When the plague or fog wrecked the plan I had had at the beginning of a turn I would just sit back and go “well… how to I minimize THIS disaster…”and moved forward – and very quickly I came to realize that you can plan all you want in the strategy phase, but half the time that plan will be wrecked by the plague/fog phase and you just had to roll with it… The kids spent so much time planning in the strategy phase and would have their plan all sorted out… and when the plague wrecked that plan they just couldn’t see past that and readjust their plan to lessen the impact of the utterly craptastic situation they then found themselves in…
One of our most played games this year was Dominion. I’ve included it here because we played it while we were reading about medieval times and it has a medieval theme… sort of… you are supposed to be a monarch and trying to gain control over lands and titles.

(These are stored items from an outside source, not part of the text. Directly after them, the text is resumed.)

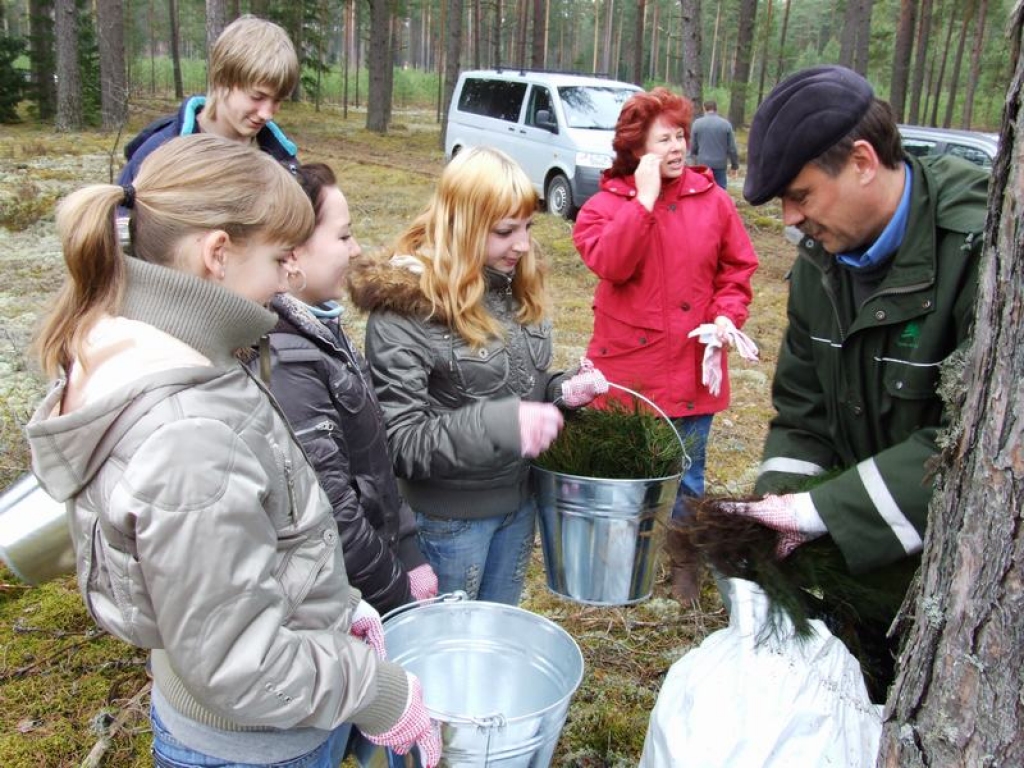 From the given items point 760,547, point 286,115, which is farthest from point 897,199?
point 286,115

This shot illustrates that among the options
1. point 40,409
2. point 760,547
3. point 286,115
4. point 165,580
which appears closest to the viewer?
point 165,580

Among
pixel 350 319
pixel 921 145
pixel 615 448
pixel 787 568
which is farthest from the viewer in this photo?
pixel 921 145

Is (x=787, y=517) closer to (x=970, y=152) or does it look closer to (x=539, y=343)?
(x=539, y=343)

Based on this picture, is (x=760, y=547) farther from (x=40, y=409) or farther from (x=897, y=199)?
(x=40, y=409)

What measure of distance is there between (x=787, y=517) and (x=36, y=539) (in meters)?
1.68

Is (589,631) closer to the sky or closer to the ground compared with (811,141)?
closer to the ground

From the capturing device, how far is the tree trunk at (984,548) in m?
1.23

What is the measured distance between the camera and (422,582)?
2.20m

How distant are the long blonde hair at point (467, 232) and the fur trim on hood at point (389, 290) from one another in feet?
0.08

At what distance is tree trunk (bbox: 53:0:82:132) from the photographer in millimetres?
16672

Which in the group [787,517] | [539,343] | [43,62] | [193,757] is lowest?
[193,757]

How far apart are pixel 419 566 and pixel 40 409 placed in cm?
109

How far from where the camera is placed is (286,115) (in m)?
26.6

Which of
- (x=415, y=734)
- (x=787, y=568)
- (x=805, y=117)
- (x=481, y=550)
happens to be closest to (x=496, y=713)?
(x=415, y=734) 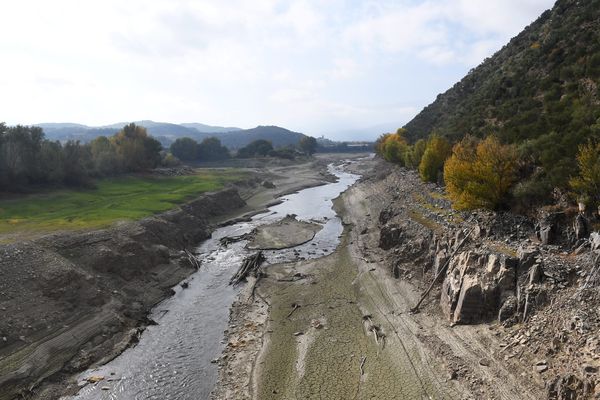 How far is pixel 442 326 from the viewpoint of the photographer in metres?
27.8

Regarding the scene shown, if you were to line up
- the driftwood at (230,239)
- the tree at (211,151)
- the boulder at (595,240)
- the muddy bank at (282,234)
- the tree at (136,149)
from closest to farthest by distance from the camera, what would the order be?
the boulder at (595,240)
the muddy bank at (282,234)
the driftwood at (230,239)
the tree at (136,149)
the tree at (211,151)

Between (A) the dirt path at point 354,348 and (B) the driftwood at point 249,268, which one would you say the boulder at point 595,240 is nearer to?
(A) the dirt path at point 354,348

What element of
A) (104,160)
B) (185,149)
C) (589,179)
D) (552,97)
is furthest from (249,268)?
(185,149)

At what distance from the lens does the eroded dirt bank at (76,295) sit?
25.7 meters

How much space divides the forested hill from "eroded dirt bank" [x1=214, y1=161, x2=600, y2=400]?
9.01 meters

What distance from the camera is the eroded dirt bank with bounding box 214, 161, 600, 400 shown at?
20.5 meters

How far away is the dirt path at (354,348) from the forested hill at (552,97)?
1656cm

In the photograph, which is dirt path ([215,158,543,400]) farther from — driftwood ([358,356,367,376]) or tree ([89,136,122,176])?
tree ([89,136,122,176])

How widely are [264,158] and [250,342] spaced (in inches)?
5924

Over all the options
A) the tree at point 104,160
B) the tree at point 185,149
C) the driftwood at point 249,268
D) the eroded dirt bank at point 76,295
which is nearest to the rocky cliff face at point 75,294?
the eroded dirt bank at point 76,295

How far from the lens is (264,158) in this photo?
176 meters

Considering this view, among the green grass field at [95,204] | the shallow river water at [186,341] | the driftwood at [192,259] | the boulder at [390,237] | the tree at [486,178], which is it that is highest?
the tree at [486,178]

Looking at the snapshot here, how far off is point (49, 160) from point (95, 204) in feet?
51.5

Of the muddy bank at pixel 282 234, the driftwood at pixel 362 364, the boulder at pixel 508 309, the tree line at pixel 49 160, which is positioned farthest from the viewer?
the tree line at pixel 49 160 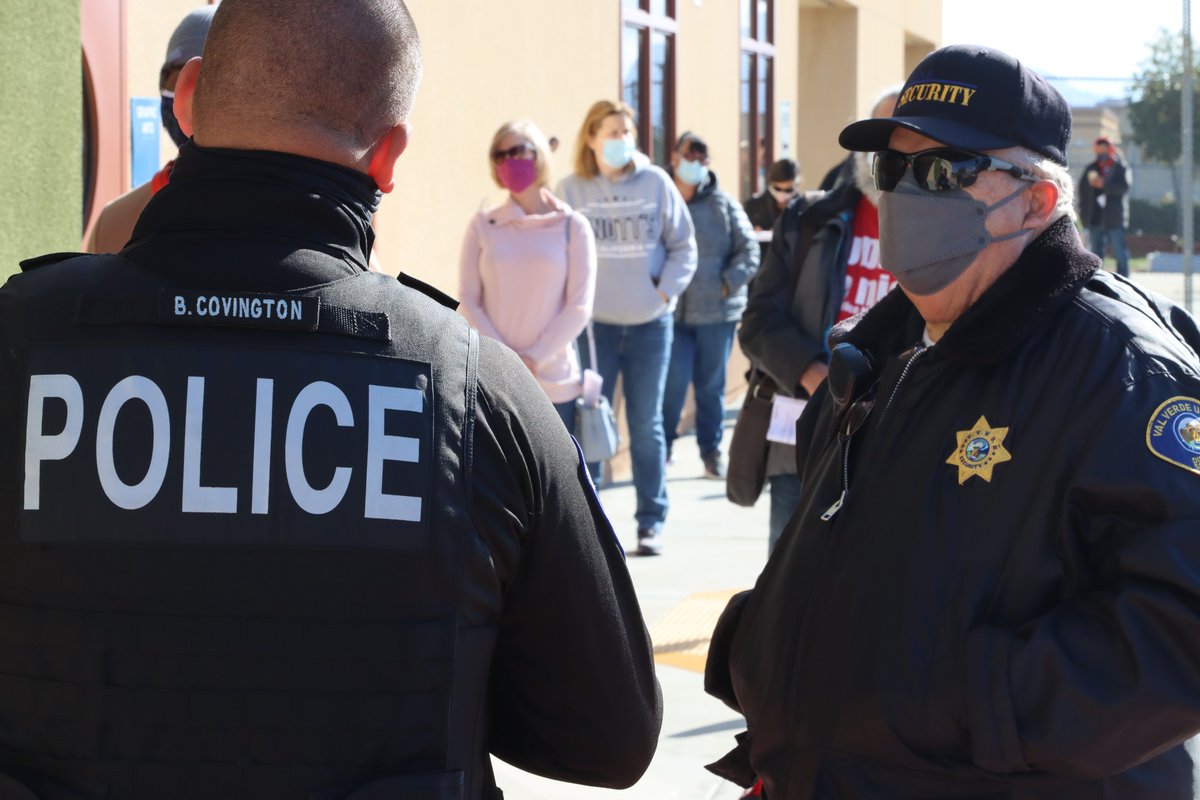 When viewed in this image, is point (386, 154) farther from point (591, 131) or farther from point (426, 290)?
point (591, 131)

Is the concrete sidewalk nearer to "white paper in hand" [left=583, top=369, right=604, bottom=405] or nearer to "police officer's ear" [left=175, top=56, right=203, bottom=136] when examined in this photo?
"white paper in hand" [left=583, top=369, right=604, bottom=405]

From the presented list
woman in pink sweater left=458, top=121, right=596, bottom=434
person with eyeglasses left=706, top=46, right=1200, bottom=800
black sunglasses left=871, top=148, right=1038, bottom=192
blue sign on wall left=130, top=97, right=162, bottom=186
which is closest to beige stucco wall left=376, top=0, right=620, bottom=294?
woman in pink sweater left=458, top=121, right=596, bottom=434

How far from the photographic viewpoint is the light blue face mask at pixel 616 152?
7473 mm

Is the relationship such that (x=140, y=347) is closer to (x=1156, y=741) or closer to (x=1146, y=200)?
(x=1156, y=741)

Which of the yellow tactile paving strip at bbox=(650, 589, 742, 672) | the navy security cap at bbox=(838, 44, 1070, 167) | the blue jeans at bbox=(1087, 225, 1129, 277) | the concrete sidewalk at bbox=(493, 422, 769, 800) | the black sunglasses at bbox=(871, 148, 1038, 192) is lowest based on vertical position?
the concrete sidewalk at bbox=(493, 422, 769, 800)

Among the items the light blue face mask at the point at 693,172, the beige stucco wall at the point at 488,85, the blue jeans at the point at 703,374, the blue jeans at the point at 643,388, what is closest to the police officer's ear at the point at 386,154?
the beige stucco wall at the point at 488,85

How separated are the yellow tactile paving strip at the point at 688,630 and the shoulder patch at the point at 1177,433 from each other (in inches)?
129

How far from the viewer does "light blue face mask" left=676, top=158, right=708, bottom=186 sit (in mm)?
9484

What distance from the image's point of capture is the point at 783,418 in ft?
15.4

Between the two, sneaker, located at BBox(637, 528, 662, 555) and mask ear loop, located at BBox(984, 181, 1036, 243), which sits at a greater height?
mask ear loop, located at BBox(984, 181, 1036, 243)

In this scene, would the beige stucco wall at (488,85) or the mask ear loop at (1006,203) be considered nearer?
the mask ear loop at (1006,203)

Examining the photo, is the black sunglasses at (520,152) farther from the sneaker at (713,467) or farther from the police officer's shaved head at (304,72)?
the police officer's shaved head at (304,72)

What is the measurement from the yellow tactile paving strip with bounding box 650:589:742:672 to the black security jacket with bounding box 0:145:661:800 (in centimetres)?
352

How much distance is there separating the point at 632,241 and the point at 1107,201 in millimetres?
14227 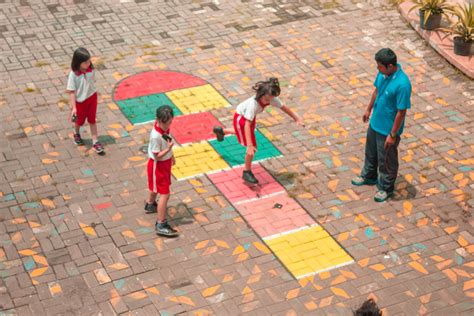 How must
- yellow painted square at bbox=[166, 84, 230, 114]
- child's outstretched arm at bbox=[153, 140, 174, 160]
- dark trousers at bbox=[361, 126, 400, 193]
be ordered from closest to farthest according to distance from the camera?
child's outstretched arm at bbox=[153, 140, 174, 160], dark trousers at bbox=[361, 126, 400, 193], yellow painted square at bbox=[166, 84, 230, 114]

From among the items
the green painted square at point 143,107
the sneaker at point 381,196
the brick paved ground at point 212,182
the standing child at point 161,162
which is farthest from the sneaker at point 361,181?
the green painted square at point 143,107

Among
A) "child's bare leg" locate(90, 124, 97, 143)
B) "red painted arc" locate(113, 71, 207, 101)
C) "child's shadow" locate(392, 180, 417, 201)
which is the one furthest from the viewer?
"red painted arc" locate(113, 71, 207, 101)

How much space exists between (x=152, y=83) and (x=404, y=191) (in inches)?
179

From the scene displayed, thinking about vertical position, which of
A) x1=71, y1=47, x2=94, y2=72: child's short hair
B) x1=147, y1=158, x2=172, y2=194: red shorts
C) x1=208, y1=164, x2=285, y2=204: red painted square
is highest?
x1=71, y1=47, x2=94, y2=72: child's short hair

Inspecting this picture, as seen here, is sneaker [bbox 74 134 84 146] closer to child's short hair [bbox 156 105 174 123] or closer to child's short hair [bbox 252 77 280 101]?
child's short hair [bbox 156 105 174 123]

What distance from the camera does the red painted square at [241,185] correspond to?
1049cm

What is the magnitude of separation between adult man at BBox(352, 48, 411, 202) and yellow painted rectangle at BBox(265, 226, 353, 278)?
1.12 meters

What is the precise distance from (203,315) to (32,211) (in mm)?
2753

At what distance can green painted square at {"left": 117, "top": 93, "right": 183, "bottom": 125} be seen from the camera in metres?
12.1

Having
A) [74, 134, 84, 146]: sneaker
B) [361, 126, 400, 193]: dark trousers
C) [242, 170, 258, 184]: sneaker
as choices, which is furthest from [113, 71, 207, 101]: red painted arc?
[361, 126, 400, 193]: dark trousers

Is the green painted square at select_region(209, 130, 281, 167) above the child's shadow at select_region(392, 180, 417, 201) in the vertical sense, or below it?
below

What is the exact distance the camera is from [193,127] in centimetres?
1194

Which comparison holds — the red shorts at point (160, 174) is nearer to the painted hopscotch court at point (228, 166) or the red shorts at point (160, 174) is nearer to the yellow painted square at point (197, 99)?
the painted hopscotch court at point (228, 166)

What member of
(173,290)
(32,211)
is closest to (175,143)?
(32,211) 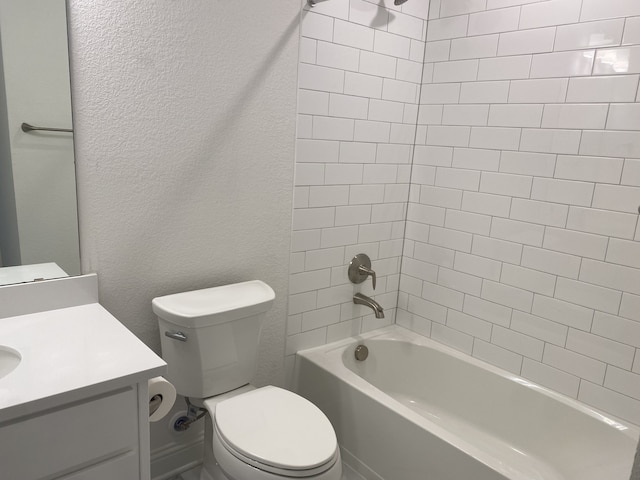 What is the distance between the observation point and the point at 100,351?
123cm

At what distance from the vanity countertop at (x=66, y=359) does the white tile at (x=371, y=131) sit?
1.33 m

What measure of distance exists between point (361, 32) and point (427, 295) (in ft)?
4.32

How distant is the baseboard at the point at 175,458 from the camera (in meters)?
1.93

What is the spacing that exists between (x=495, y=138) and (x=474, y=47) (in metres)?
0.43

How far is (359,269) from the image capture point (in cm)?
237

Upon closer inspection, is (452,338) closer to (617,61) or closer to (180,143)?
(617,61)

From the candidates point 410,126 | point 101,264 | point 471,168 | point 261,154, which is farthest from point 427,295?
point 101,264

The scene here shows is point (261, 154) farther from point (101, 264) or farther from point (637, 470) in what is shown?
point (637, 470)

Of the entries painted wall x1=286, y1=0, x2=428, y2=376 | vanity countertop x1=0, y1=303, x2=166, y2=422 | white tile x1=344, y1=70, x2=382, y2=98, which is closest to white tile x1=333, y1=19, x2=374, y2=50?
painted wall x1=286, y1=0, x2=428, y2=376

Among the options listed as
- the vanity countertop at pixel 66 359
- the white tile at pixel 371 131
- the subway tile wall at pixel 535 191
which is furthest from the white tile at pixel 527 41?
the vanity countertop at pixel 66 359

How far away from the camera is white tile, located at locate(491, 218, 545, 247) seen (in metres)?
2.01

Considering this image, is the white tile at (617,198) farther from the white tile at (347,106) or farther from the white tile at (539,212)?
the white tile at (347,106)

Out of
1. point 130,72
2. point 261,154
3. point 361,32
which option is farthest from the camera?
point 361,32

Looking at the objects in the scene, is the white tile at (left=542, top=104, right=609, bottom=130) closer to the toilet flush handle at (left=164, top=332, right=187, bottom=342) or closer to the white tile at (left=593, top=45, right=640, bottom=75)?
the white tile at (left=593, top=45, right=640, bottom=75) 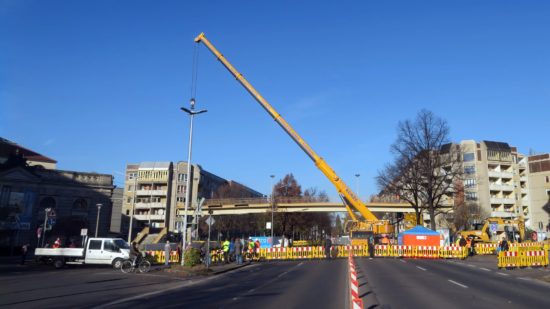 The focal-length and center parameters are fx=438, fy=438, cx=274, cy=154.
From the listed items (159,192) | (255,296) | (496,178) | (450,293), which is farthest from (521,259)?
(159,192)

But the history-learning value of the game is just about zero. it’s about drafting cards for their effect in the game and ultimately gaining vicotory point cards to win the game – while the cards are called “Estates” and “Duchies” and “Provinces” and all the other cards are ostensibly improvements you can make to your kingdom “Villages”, “Markets”, etc. They could easily be named anything else and be just as playable…
Great game – played it lots – not much history there.
Looking to the east we read a bit about the Ming. This was a fairly abstract game Where you had to draft cards you would then use to move your diplomat around the kindgom trying to gain influence in towns and regions.
San Gimignano – playing the heads of aristocratic families trying to build the most towers in the medieval town of San Gimignano… (now a UNESCO World Heritage Site).
The game plays super quick – so we played it twice! This, our second game, was much higher scoring and much closer – The Boy eked out a win with 8 towers to the 7 towers that both The Girl and I managed to build. The theme was pretty weak and the game really just a fairly abstract strategy game involving area control through placement of tokens representing the families influence in the guilds and building of towers when you have influence in four different connecting guild areas.
I’d posted this picture on facebook and my sister commented that she’d actually BEEN to San Gimignano during her trip to Italy a few years ago – they apparently have really good Gellato there…?
This we ended up playing a little later – long after we were done reading about the period. Amanda and The Girl didn’t get to play this one as they were at dance class the afternoon I got around to organizing a game.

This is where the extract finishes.